AIM OF THE EXERCISE: Retype the whole listing exactly. Leave out pictures.
=====
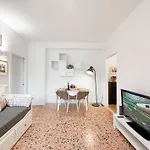 Free Park, 100M From San Siro, Derby Two-Room Apartment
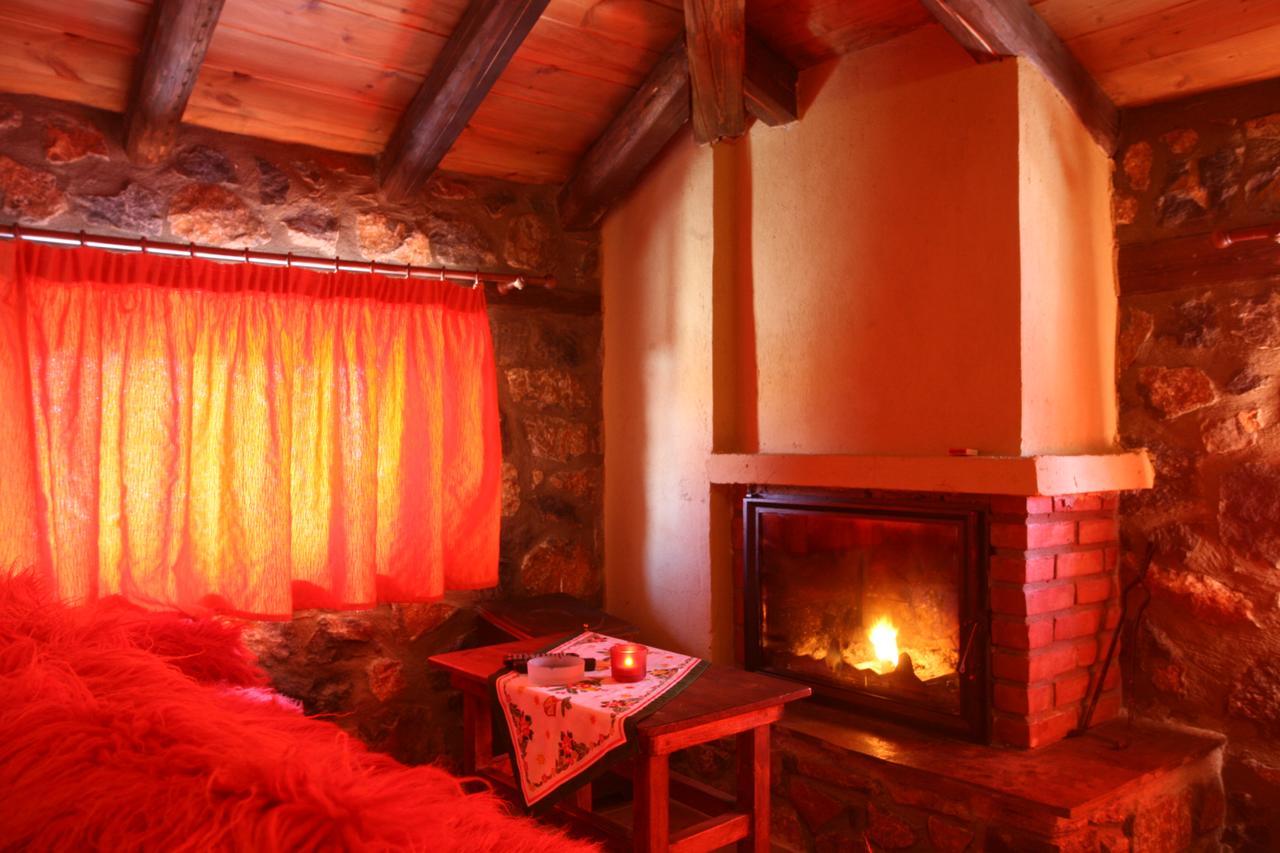 Eleni'S Guesthouse Палеос-Айос-Атанасіос Екстер'єр фото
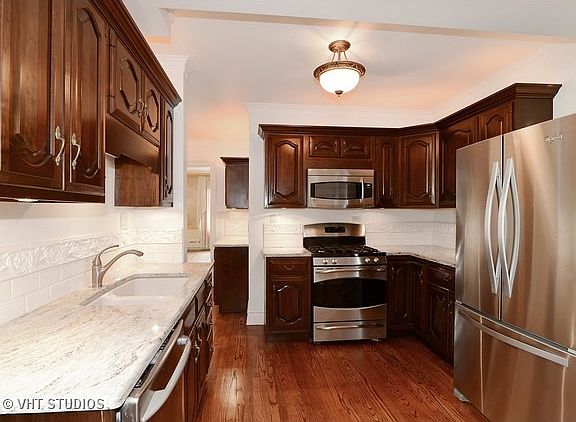 5th image of 3740 N Lake Shore Dr APT 11A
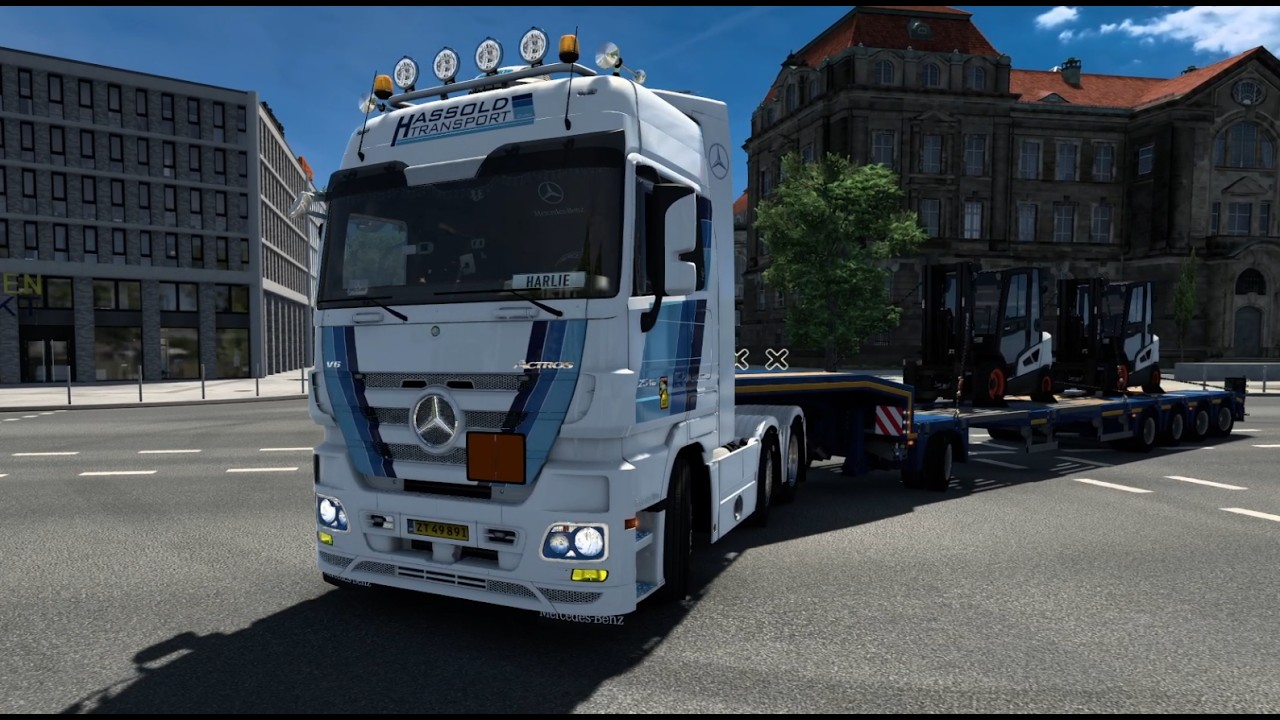 Mercedes MP3 hauling bobcat forklifts in Germany (New Bobcat DLC) ETS 1.58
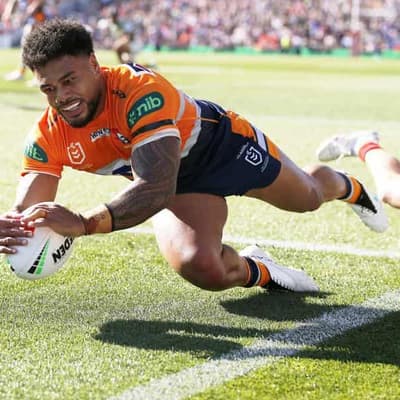 Knights beat Souths, strike huge blow in top-eight race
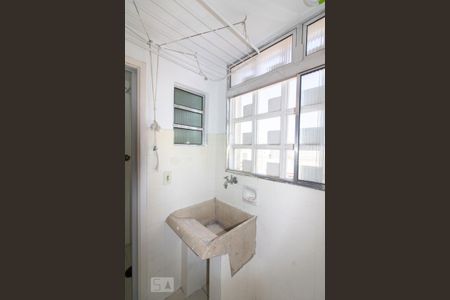 Apartamento à venda com 75m², 2 quartos e sem vaga Apartamento à venda com 75m², 2 quartos e sem vagaÁrea de Serviço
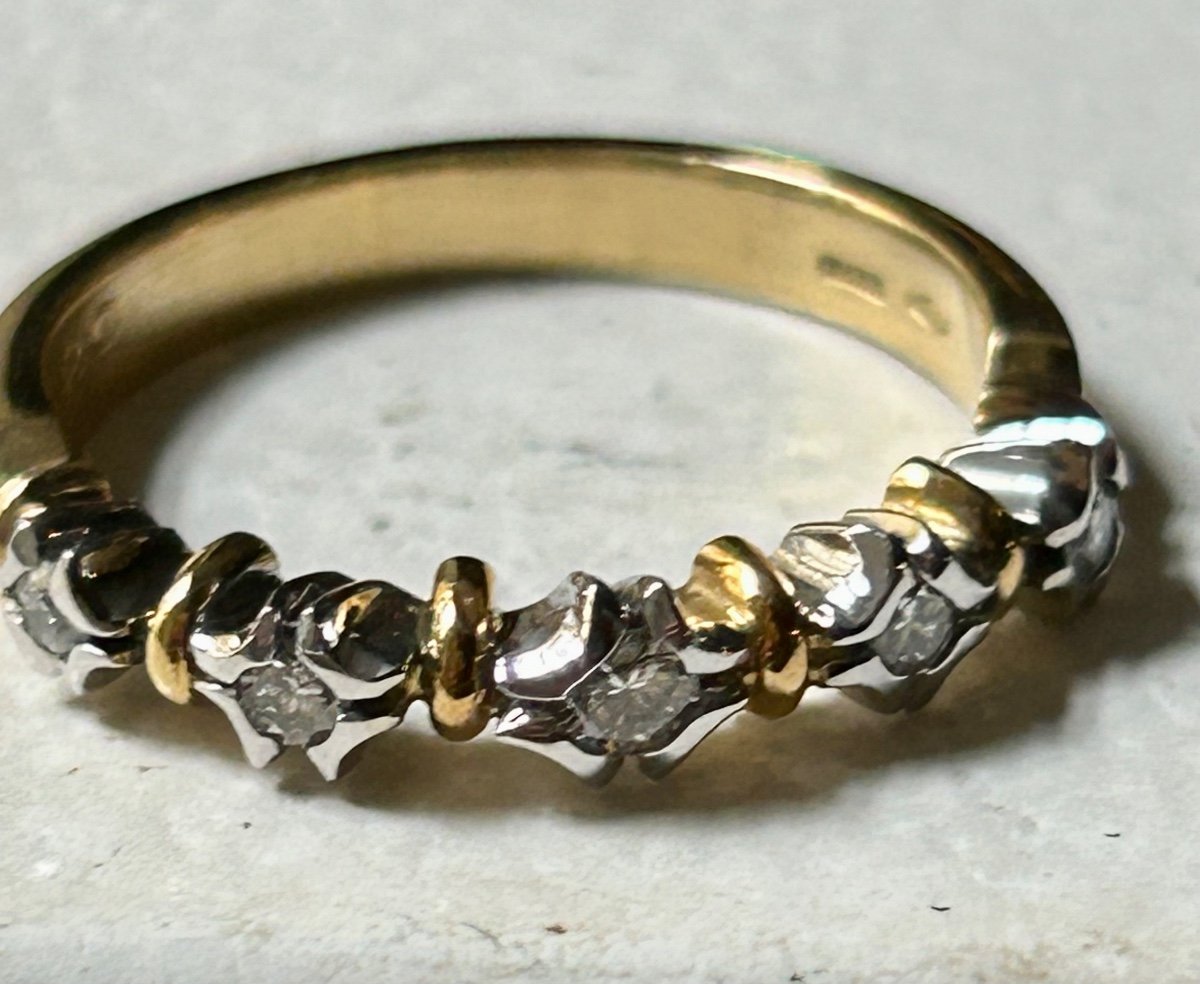 Fine Gold Ring And Brilliants-photo-3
=====
SOLUTION TO THIS PROBLEM:
 Free Park, 100M From San Siro, Derby Two-Room Apartment
 Eleni'S Guesthouse Палеос-Айос-Атанасіос Екстер'єр фото
 5th image of 3740 N Lake Shore Dr APT 11A
 Mercedes MP3 hauling bobcat forklifts in Germany (New Bobcat DLC) ETS 1.58
 Knights beat Souths, strike huge blow in top-eight race
 Apartamento à venda com 75m², 2 quartos e sem vaga Apartamento à venda com 75m², 2 quartos e sem vagaÁrea de Serviço
 Fine Gold Ring And Brilliants-photo-3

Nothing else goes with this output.